Finding an object is a common yet time-consuming and frustrating chore. What makes this task complex is that humans’ pattern recognition capability reduces to a serial one-by-one search when the items resemble each other. A novel glove offers a solution.

The solution builds on inexpensive off-the-shelf components such as four vibrotactile actuators on a simple glove and a Microsoft Kinect sensor for tracking the user’s hand.

Researchers at Helsinki Institute for Information Technology HIIT and Max Planck Institute for Informatics have developed a prototype of a glove that uses vibration feedback on the hand based on computer vision hand tracking to guide the user’s hand towards a predetermined target in 3D space.

The glove could help users in daily visual search tasks in supermarkets, parking lots, warehouses, libraries etc.

The main researcher, Ville Lehtinen of HIIT, explains: “The advantage of steering a hand with tactile cues is that the user can easily interpret them in relation to the current field of view where the visual search is operating. This provides a very intuitive experience, like the hand being ‘pulled’ toward the target.”

Unfortunately, the innovation cannot be used to find lost keys, wallets etc because the location of the object has to be predetermined, as it usually is in warehouses and libraries etc.
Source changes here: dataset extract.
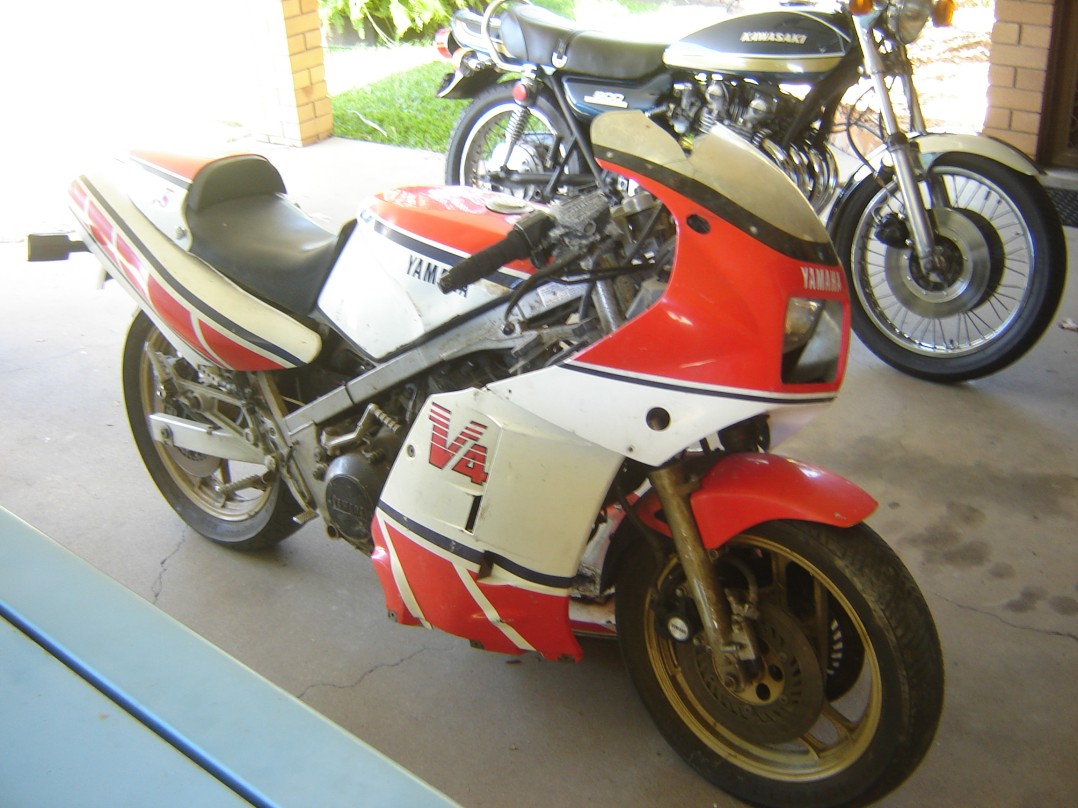 1984 Yamaha RZ500N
“In search tasks where there were hundreds of candidates but only one correct target, users wearing the glove were consistently faster, with up to three times faster performance than without the glove,” says Dr. Antti Oulasvirta from Max Planck Institute for Informatics.

Dr. Petteri Nurmi from HIIT adds: “This level of improvement in search performance justifies several practical applications. For instance, warehouse workers could have gloves that guide them to target shelfs, or a pedestrian could navigate using this glove. With the relatively inexpensive components and the dynamic guidance algorithm, others can easily build their own personal guidance systems.”

Helsinki Institute for Information Technology HIIT is a joint research institute of Aalto University and the University of Helsinki for basic and applied research on information technology.